Während vier Jungs einen Schaukampf mit Holzsäbeln darboten, schlüpfte „Konstanze“ Lydia aus ihrem züchtig hochgeschlossenen Kleid in ein nabelfreies Kostüm für einen Bauchtanz mit ihren Klassenkameradinnen aus der 10a. Diese Gruppe trat schon einige Male im ATG auf, allerdings mit Choreografien auf moderne Musik. Bauchtanz gehörte bislang nicht in ihr Programm, umso erstaunlicher, wie schnell sie es unter Anleitung von Ellen Jäckel gelernt hatte.

[Die Mühe hat sich gelohnt: Klaus Evert, Organisator und musikalischer Leiter, neben seiner Frau Heidi (Regie).]

Im Stück betritt dann „Belmonte“ forschen Schrittes die Bühne. „Meine Liebste! Endlich!“ ruft er ihr hoch erhobenen Hauptes beim Wiedersehen leidenschaftlos entgegen, was dem amüsierten Publikum ein spontanes, gerührtes „Ohhhhh“ entlockt. Das Glück muss noch warten: Der Wächter „Osmin“ erwischt die Helden. Doch „Bassa Selim“, großmütig gespielt von Tim Söhngen, lässt sie am Schluss einfach alle frei.

[Die unsichtbaren Helfer im Hintergrund. Ohne sie wäre ein solches Projekt nicht machbar. In der Mitte Gabi Oetterer (Kostüme, Maske, Requisiten, u.a.).]

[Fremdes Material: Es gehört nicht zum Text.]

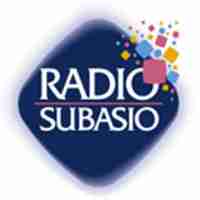 Subasio Logo
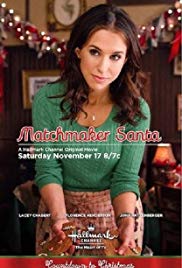 Matchmaker Santa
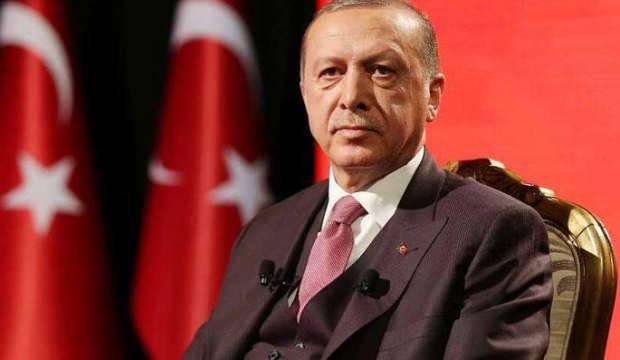 Erdoğan'dan Çerkes Sürgünü'nün 156. yılına ilişkin mesaj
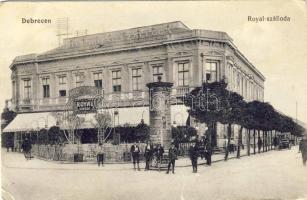 Debrecen Hotel Royal (Rb)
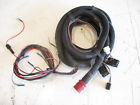 Gb506104464 Omc Ft Engine To Dash Wire Harness Evinrude Johnson Pronged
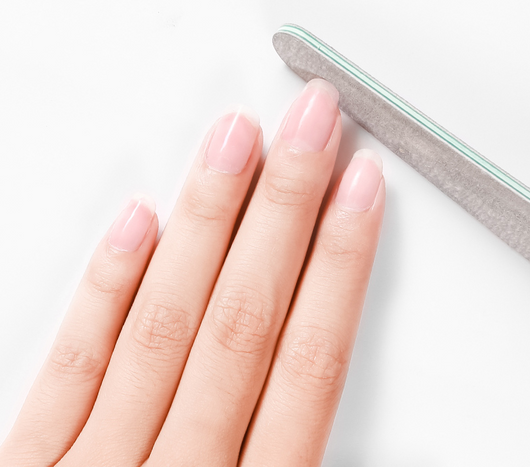 Lima de Uñas Profesional Diamond Sponge con Removedor de Cutícula - Image 9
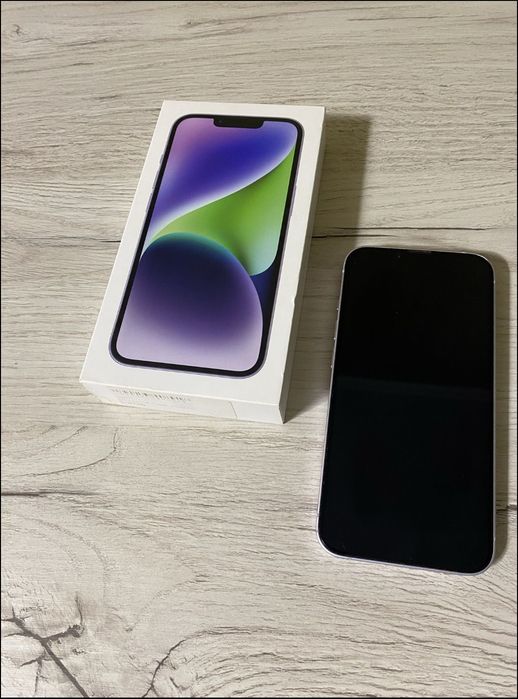Айфон 14 128 Гб | Iphone 14 128 gd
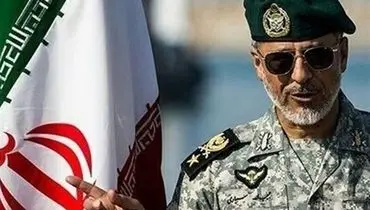 جایگاه بلند ایران در تولید سلاح های موشکی و پهپادی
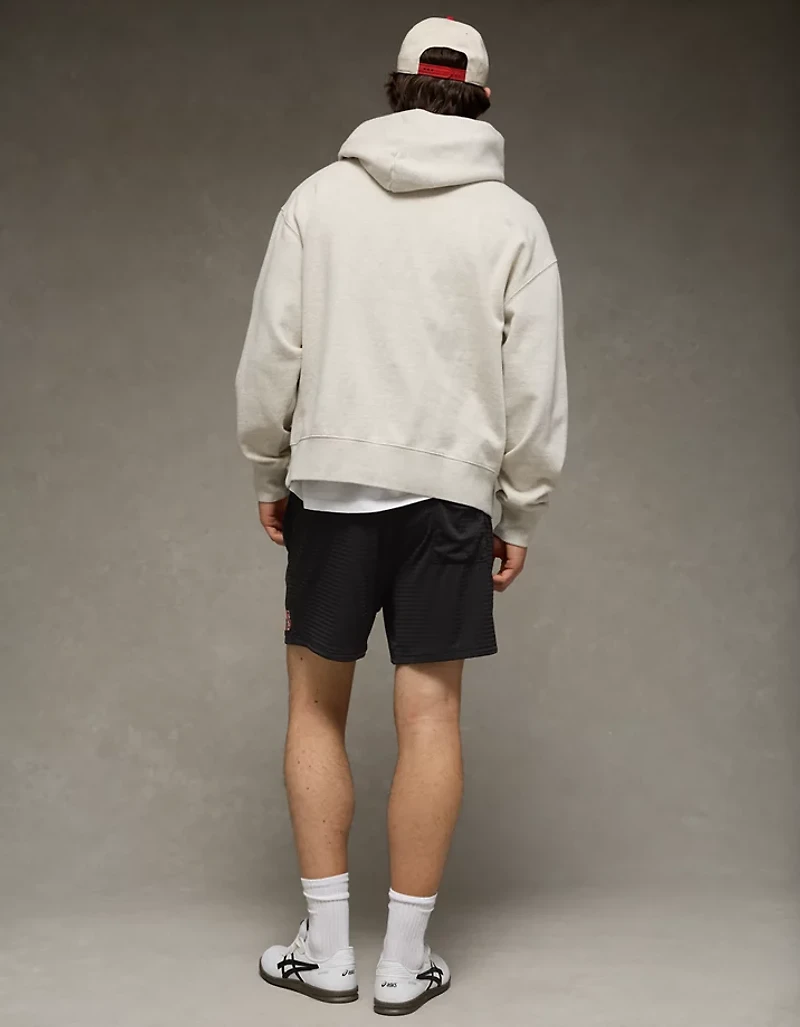 NFL 6" Mesh Lounge Short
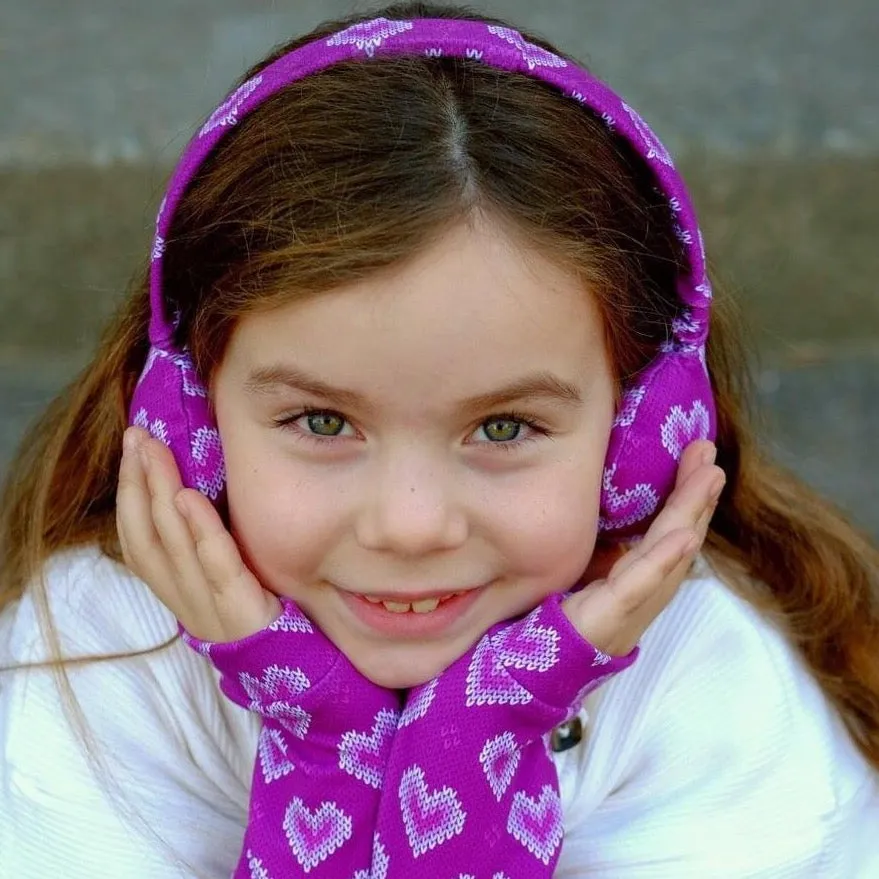 Fable - Earmuff, Headband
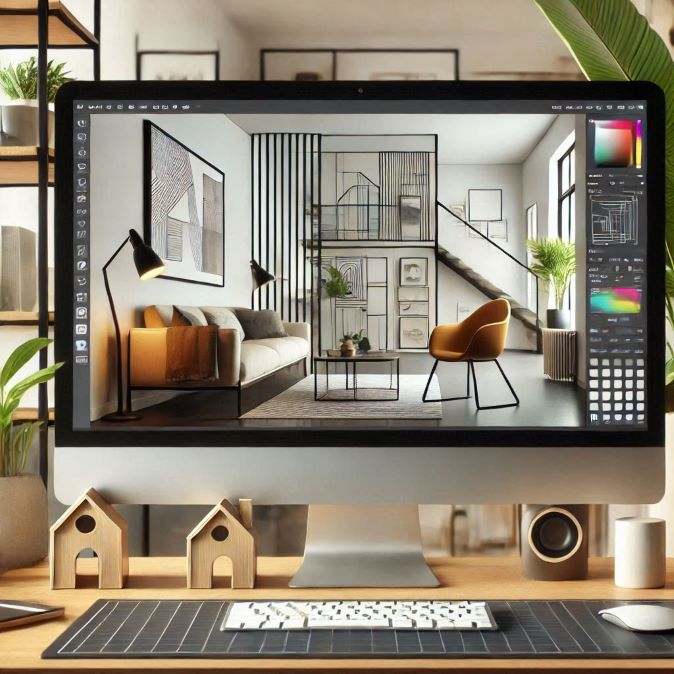 Transforming Home Spaces with Figma Resources for Interior Design ...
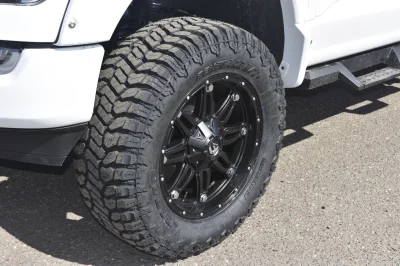 FORD F150 LIFT PACKAGE BY WALDOCH - CUSTOM F150 LIFTED TRUCK - 2021 FORD F-150 LIFT - Image 13 of 26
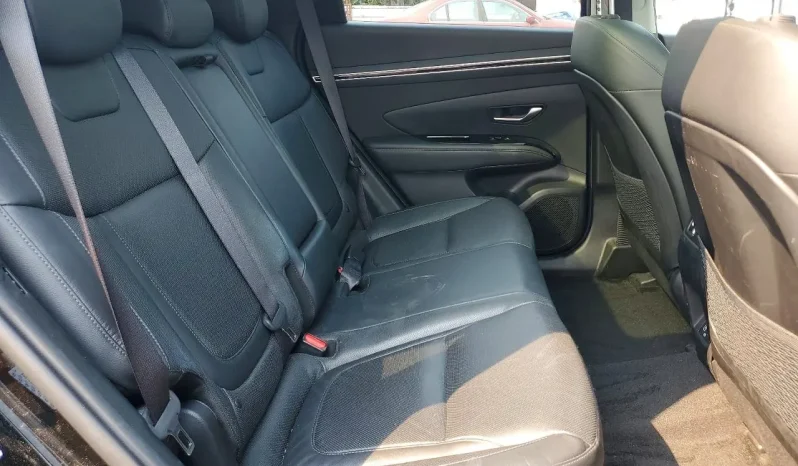 
								Hyundai Tucson full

Die Kleinste kam groß raus

Auf der Bühne waren „Osmin“-Darsteller David Heidkamp aus der Oberstufe sowie Johanna Meinerzhagen aus der Unterstufe, die den pfiffigen Diener „Pedro“ spielte, die eigentlichen Helden. Deren komödiantisches Talent sowie Kira Jürges aus der 9 als emanzipierte Dienerin „Babs“ waren am Schluss eine stehende Ovation wert. Auch brachte letztere das Kunststück fertig, zu ihrem geliebten „Pedro“ aufzusehen, obwohl sie gut zwei Köpfe größer als dieser ist.

Kleine Patzer wirkten wie das Salz in der Suppe und das Publikum nahm sie gar nicht oder vergnügt zur Kenntnis.

[Schlussapplaus: David Heidkamp als "Osmin", daneben Kai Rolshofen als "Belmonte", im prächtigen Kleid "Konstanze" Lydia Diederich, mit abgewandtem Gesicht "Pedro" Johanna Meinerzhagen und "Babs" Kira Jürges.]